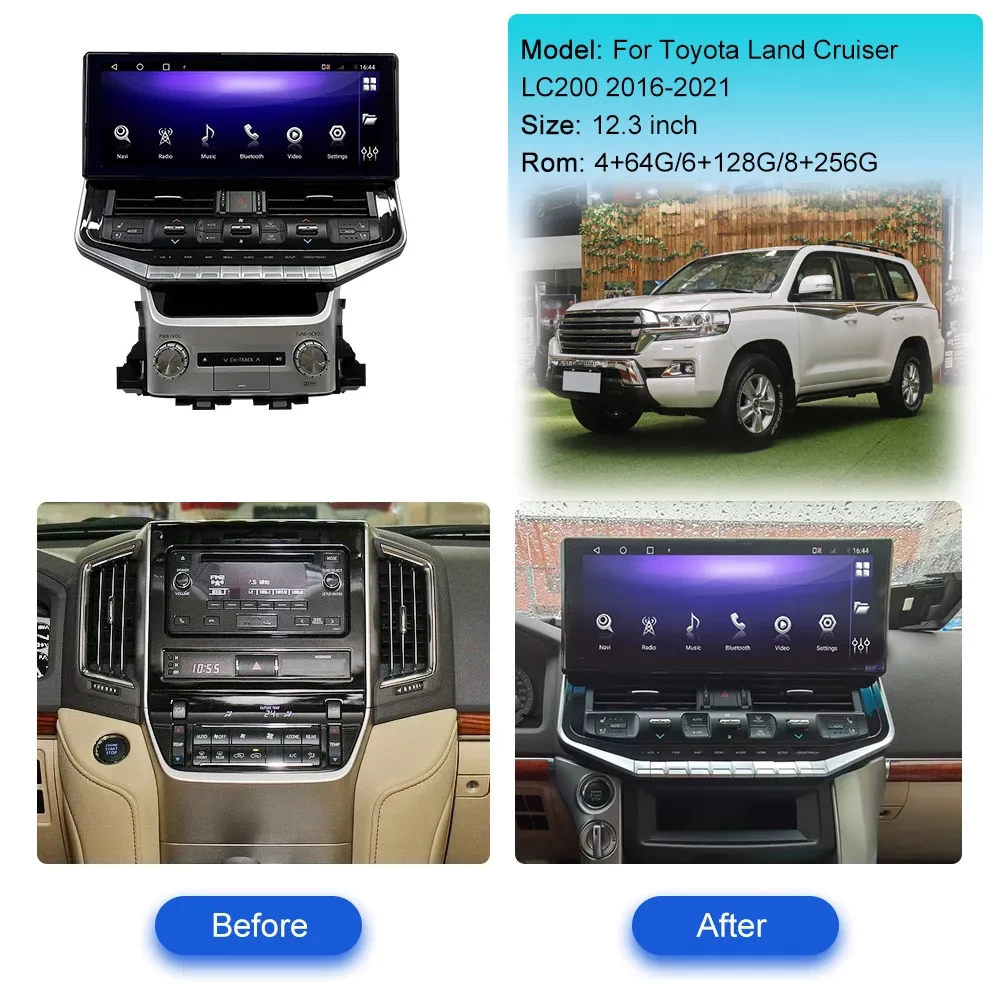 Toyota Land Cruiser 200 (2008-2021) 16.3 inç Upgrade to LC300 Stil Android Multimedya ve Navigasyon Sistemi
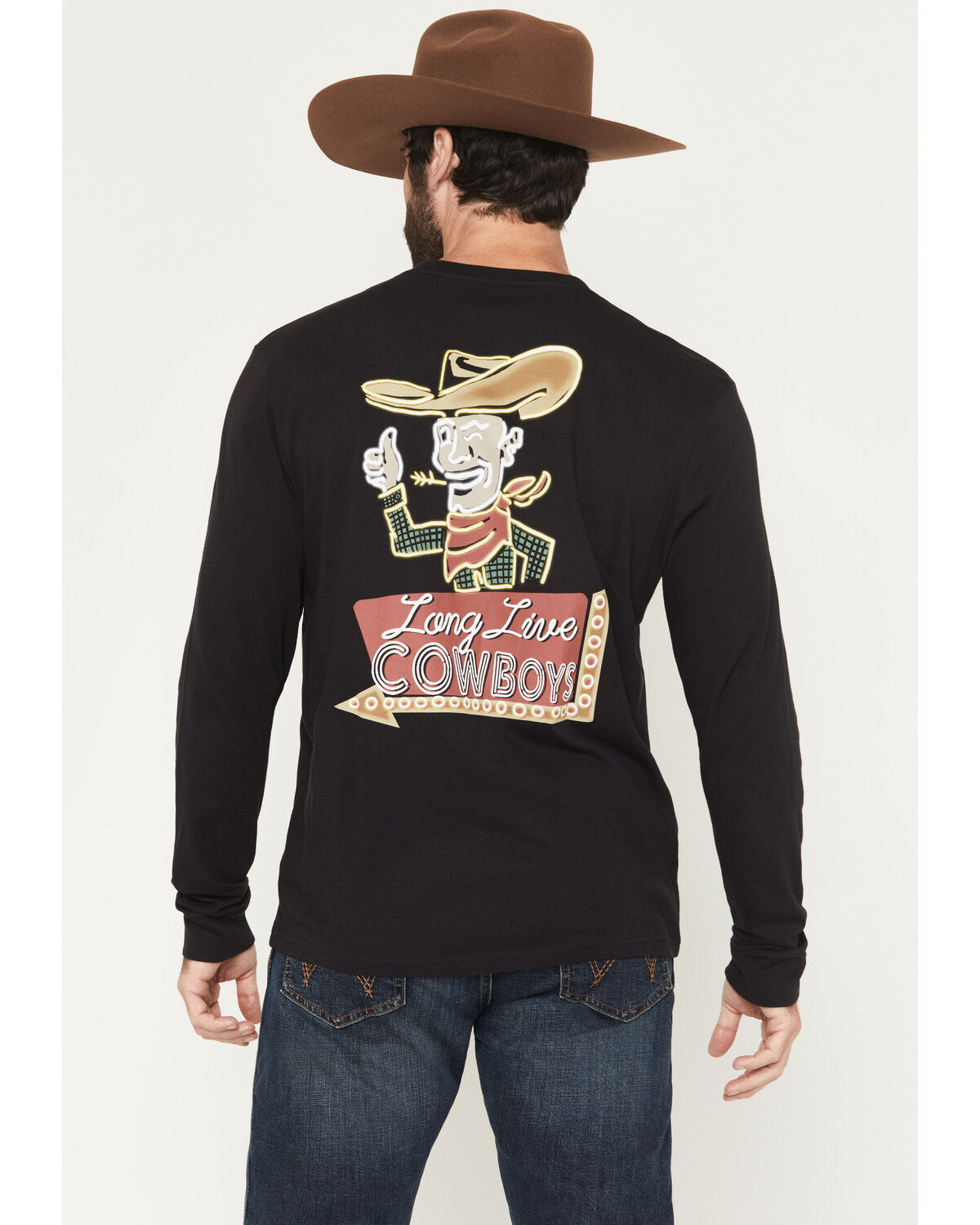 Image #1 - Wrangler Men's Long Live Cowboys Long Sleeve Graphic T-Shirt, Black, hi-res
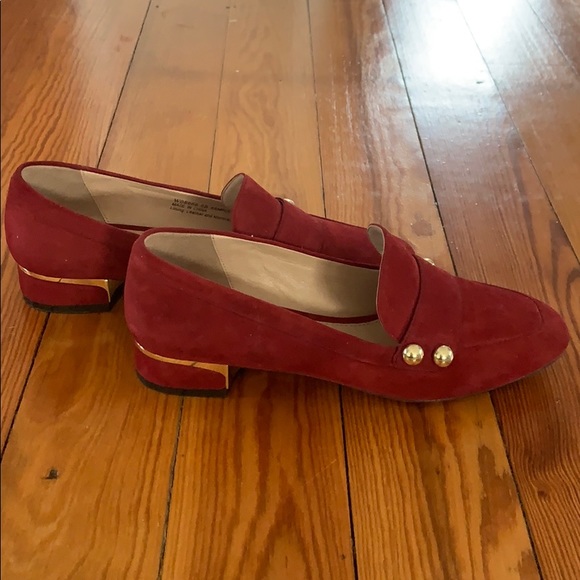 Red Suede Gold Hardware Loafers - Picture 4 of 6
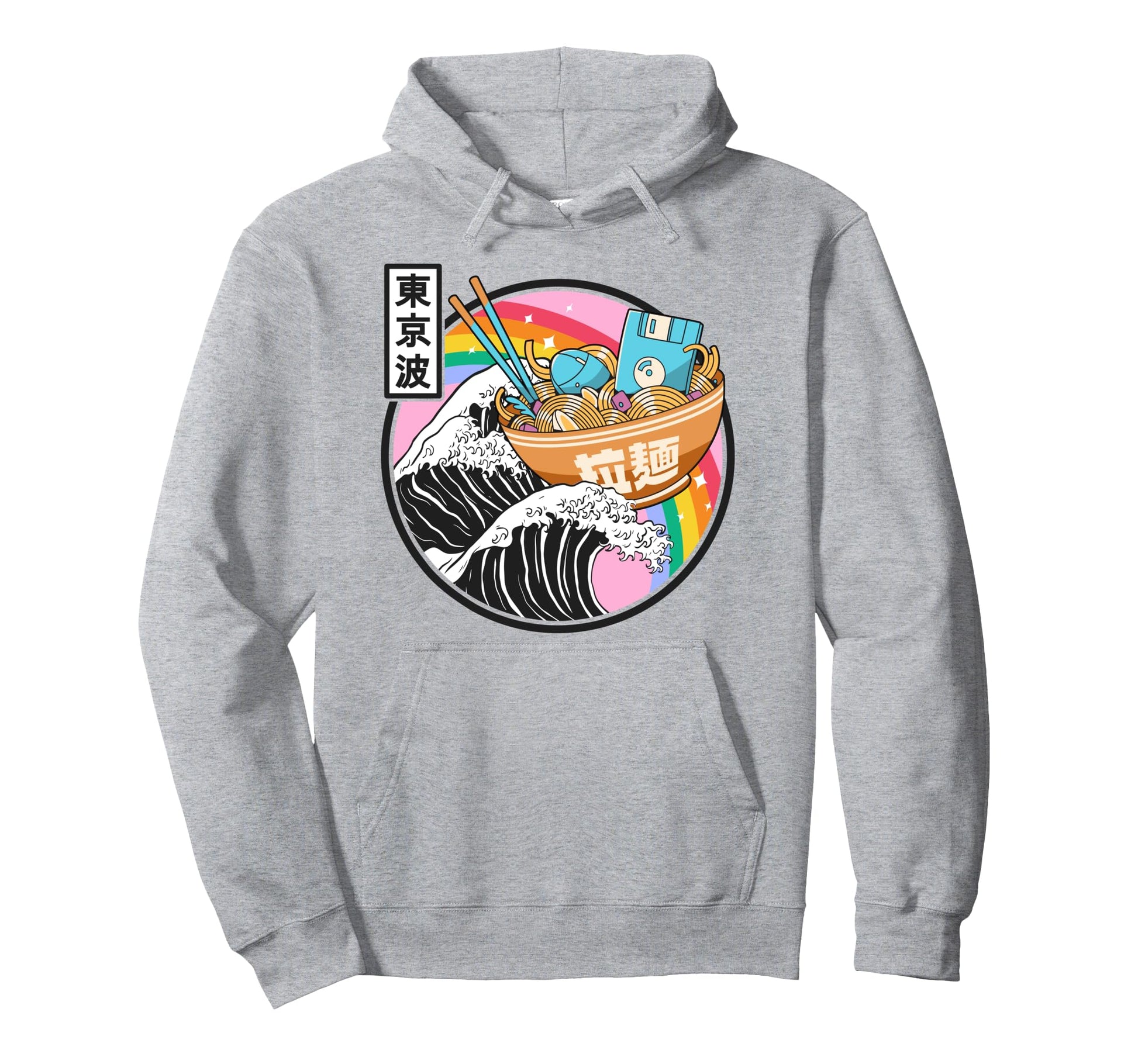 Computer Ramen Noodles Great Wave Kawaii Hoodie - Aesthetic Graphic Unisex - T-Shirt, Sweatshirt, Hoodie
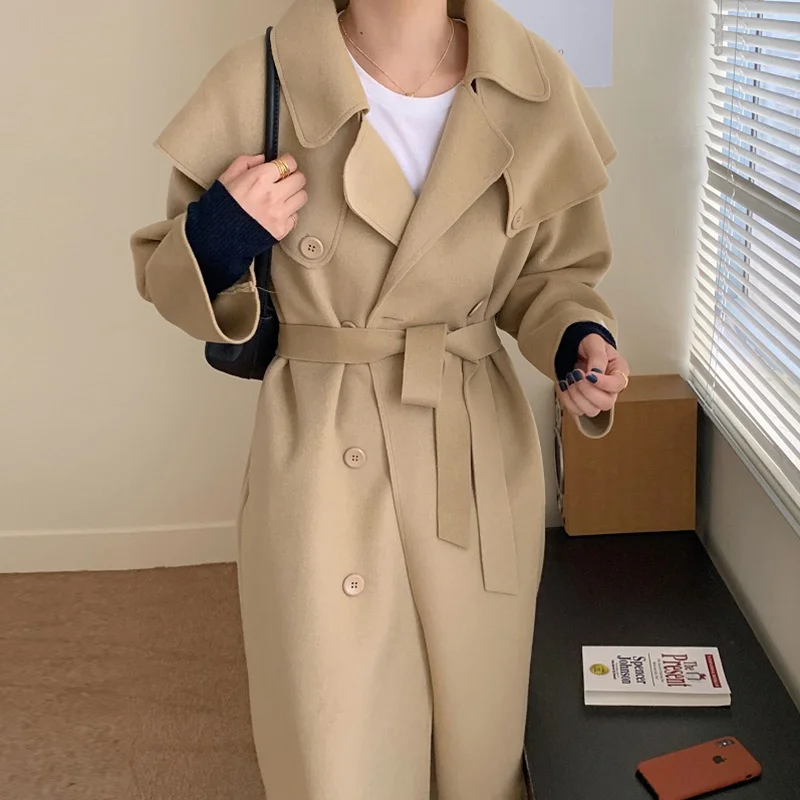 

Корейский шикарный французский темпераментный отворот Съемная шаль двубортный бандажный пояс закрытый твидовый пиджак с длинным рукавом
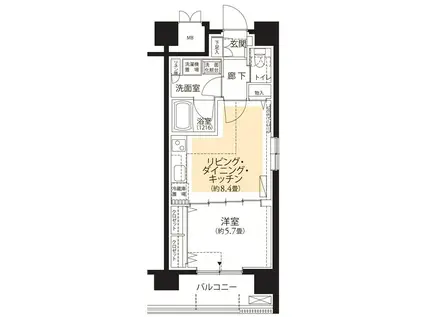 フロール横浜三ツ沢 3番館(1LDK/1階)の間取り写真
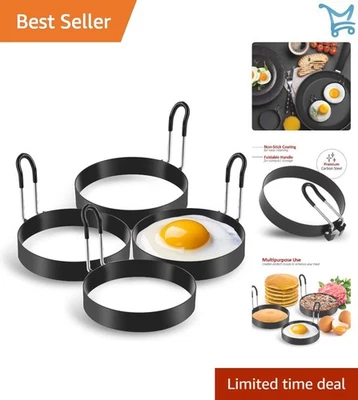 Egg Rings 4 Pack Stainless Steel Egg and Pancake Mold for Frying and Omelet - Image 1 of 4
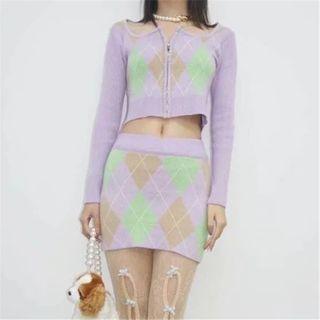 Argyle Cardigan / A-line Skirt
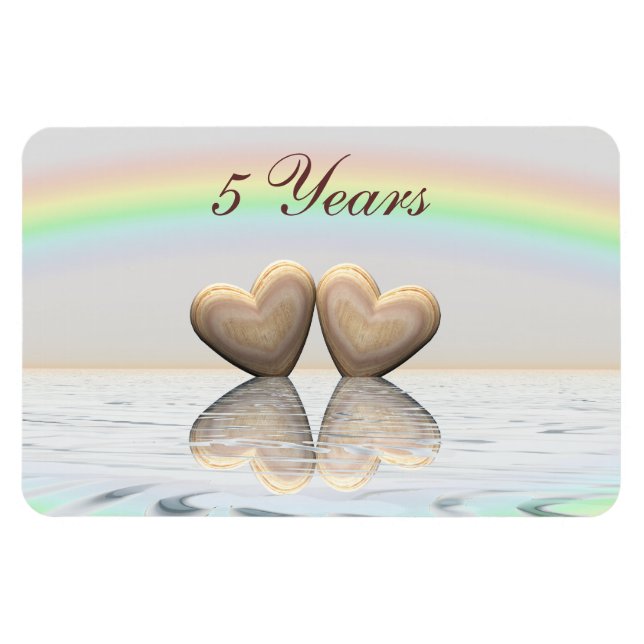 Ímã Corações de Madeira do 5 Aniversário (Horizontal)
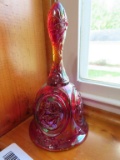 cranberry Carnival Glass mother kissing baby bell (Fenton)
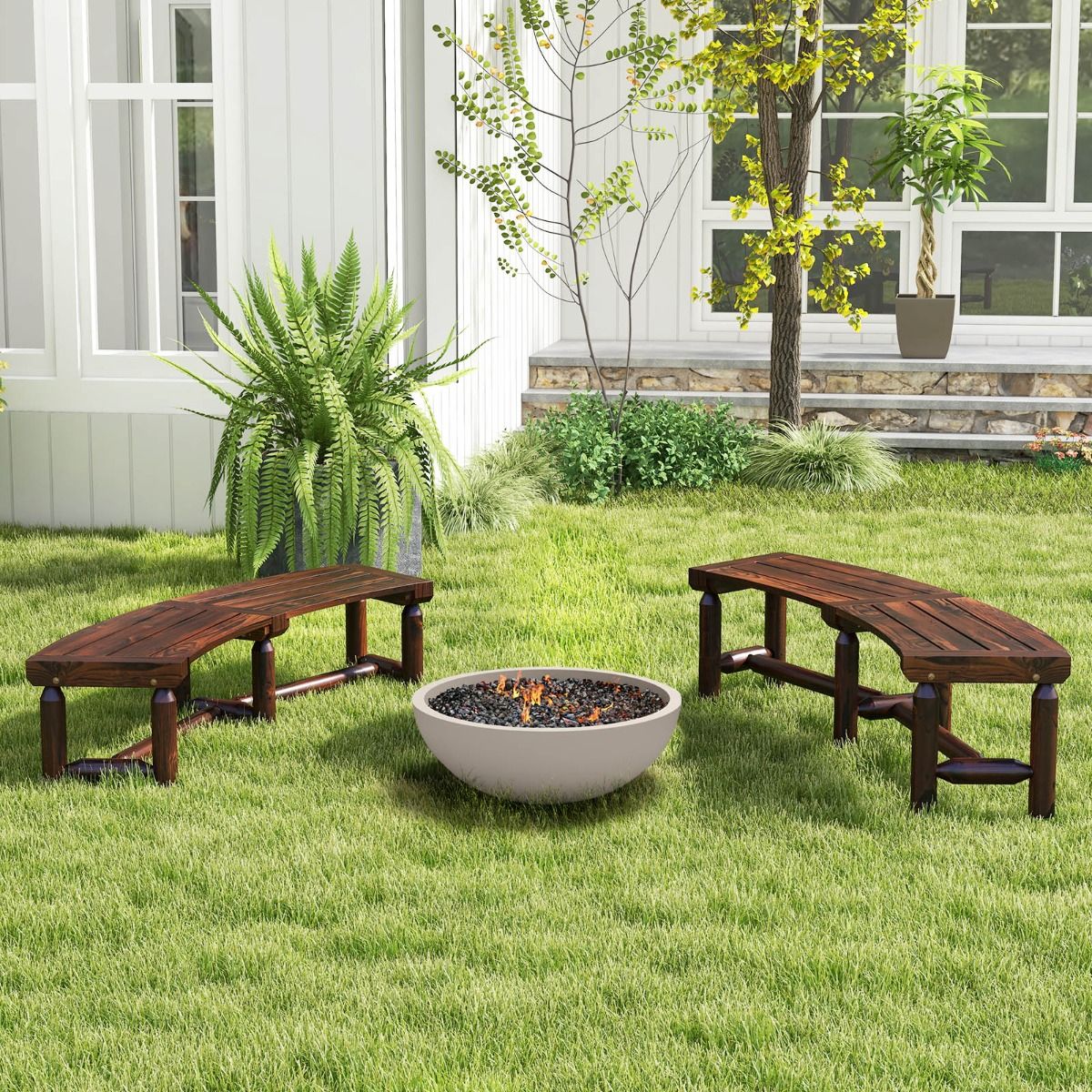 Coast Tuinbank zonder rugleuning - gebogen ontwerp - 2-3 zits - rustiek bruin 139 x 36 x 41 cm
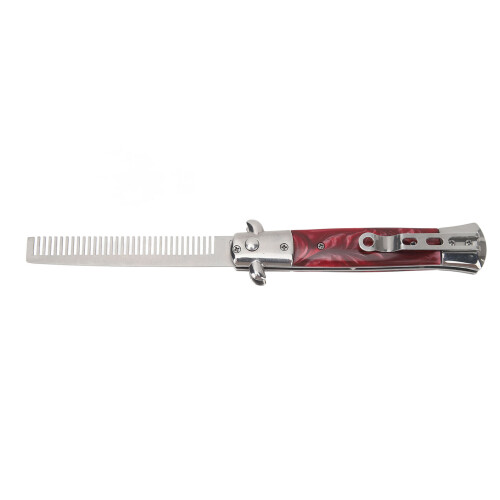 (redshell) Switchblade Comb Automatic Foldable Pocket Hair Beard Moustache Comb 2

**Task objective:** Repeat each record exactly as shown above, dropping all images.

**Problem solution:**
 Toyota Land Cruiser 200 (2008-2021) 16.3 inç Upgrade to LC300 Stil Android Multimedya ve Navigasyon Sistemi
 Image #1 - Wrangler Men's Long Live Cowboys Long Sleeve Graphic T-Shirt, Black, hi-res
 Red Suede Gold Hardware Loafers - Picture 4 of 6
 Computer Ramen Noodles Great Wave Kawaii Hoodie - Aesthetic Graphic Unisex - T-Shirt, Sweatshirt, Hoodie

Корейский шикарный французский темпераментный отворот Съемная шаль двубортный бандажный пояс закрытый твидовый пиджак с длинным рукавом
 フロール横浜三ツ沢 3番館(1LDK/1階)の間取り写真
 Egg Rings 4 Pack Stainless Steel Egg and Pancake Mold for Frying and Omelet - Image 1 of 4
 Argyle Cardigan / A-line Skirt
 Ímã Corações de Madeira do 5 Aniversário (Horizontal)
 cranberry Carnival Glass mother kissing baby bell (Fenton)
 Coast Tuinbank zonder rugleuning - gebogen ontwerp - 2-3 zits - rustiek bruin 139 x 36 x 41 cm
 (redshell) Switchblade Comb Automatic Foldable Pocket Hair Beard Moustache Comb 2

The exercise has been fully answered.